The $366.17 million project proposed by Transource Energy — the Independence Energy Connection — would consist of two separate 230-kV double-circuit lines, totaling about 42 miles, across the Maryland-Pennsylvania border. One line would run between the Ringgold substation in Washington County, Md., and a new Rice substation in Franklin County, Pa.; the other would run between the Conastone substation in Harford County, Md., and a new Furnace Run substation in York County, Pa.
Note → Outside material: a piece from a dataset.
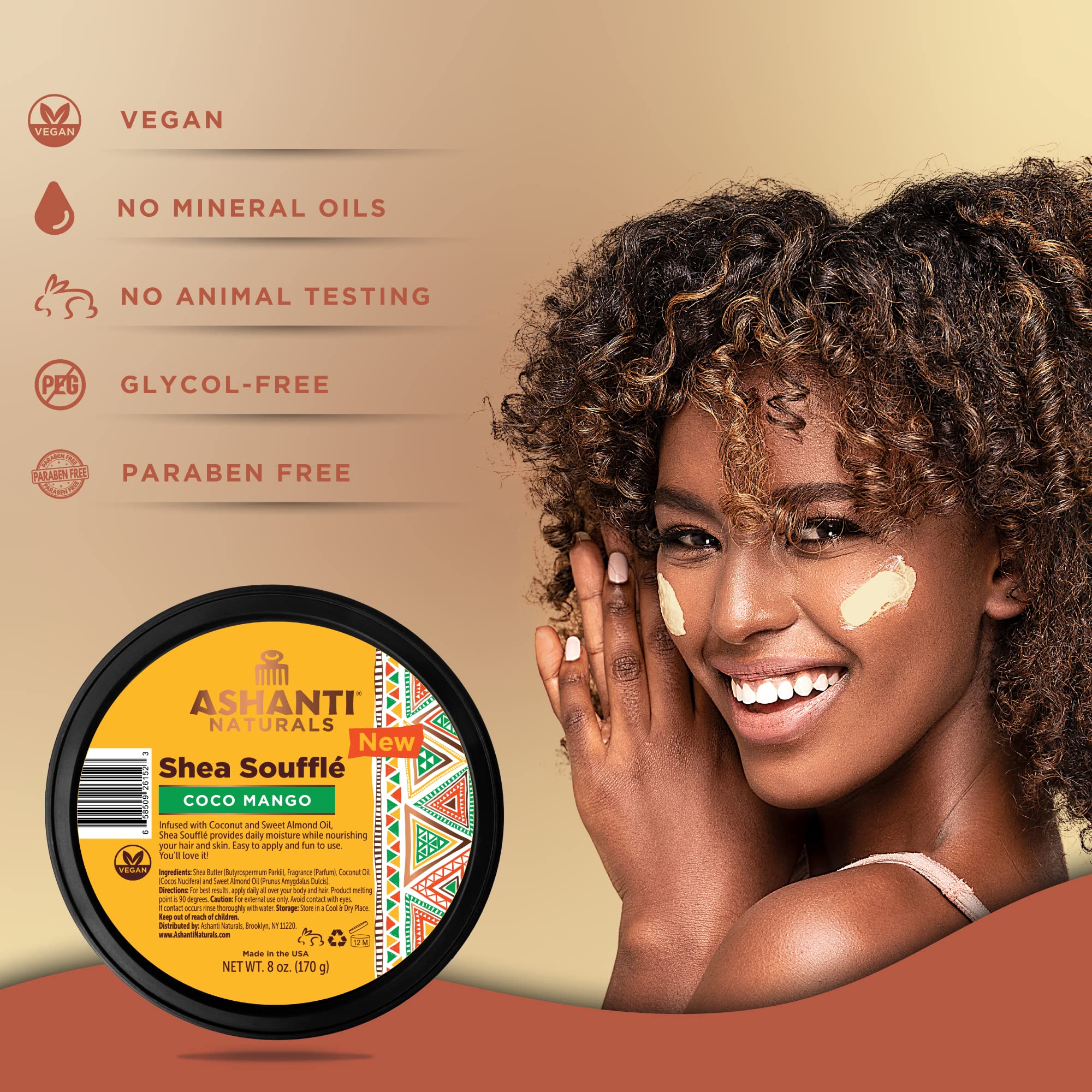 Aplicación cremosa de Ashanti Naturals para piel suave con Coco Mango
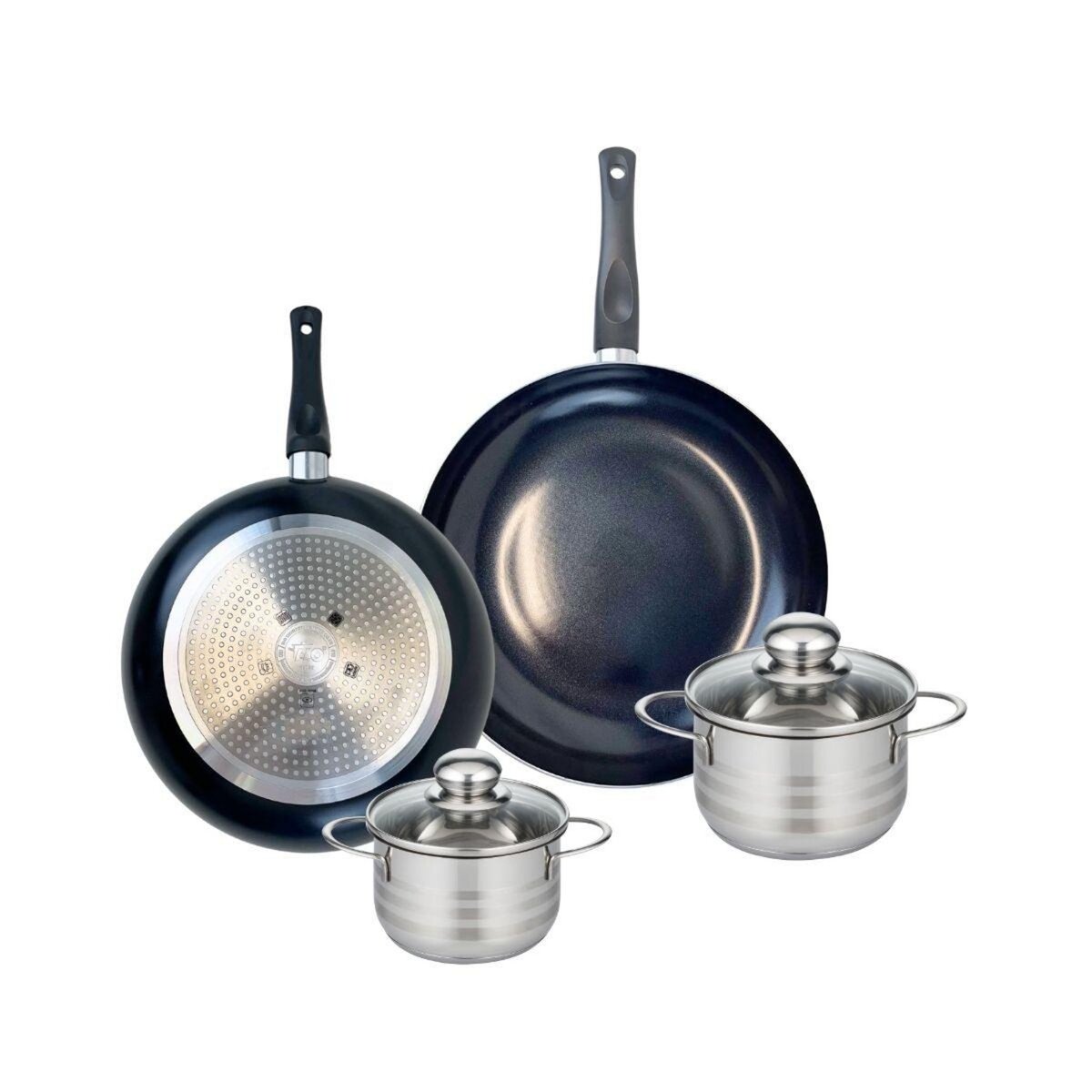 ELO Ensemble de 2 Poêles de cuisson 28 et 32 cm et 2 faitouts 14 et 16 cm Elo Prima Brillant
Once referred to as the AP South Congestion Improvement Project, Transource’s Independence Energy Connection project would consist of two lines. The western portion would run from the Ringgold substation in Maryland to the Rice substation in Pennsylvania. The eastern line would run from the Conastone station in Maryland to the Furnace Run station in Pennsylvania. | PJM

The RTO published its findings in a white paper released Thursday that showed a final benefit-cost ratio of 1.4, down slightly from the 1.42 staff reported at the September meeting of the Transmission Expansion Advisory Committee.

The slight decrease is attributable to a roughly $8 million increase in the project’s 15-year annual revenue requirement to $505.85 million. The benefit — measured in decreased load costs — held steady at $707.29 million. The actual estimated project costs increased from $366.17 million at the TEAC meeting to $372.2 million in the white paper.

The 1.4 ratio is still higher than the previous 1.32 evaluation from February and well above the RTO’s 1.25 threshold to consider projects. The current analysis shows that without the project, reliability violations will materialize as early as 2023 on three 115-kV lines in Adams County, Pa., the 500-kV Peach Bottom-Conastone line and the 500/230-kV transformer at Three Mile Island.

The project will also increase the ability to import power into the Baltimore Gas and Electric locational deliverability area.

Opposition

Residents of the region where the lines are planned attended the September TEAC meeting to register their objections, but staff pointed them toward the ongoing project proceedings being held in both states. (See PJM Redirects Residents’ Protests of Tx Project to States.)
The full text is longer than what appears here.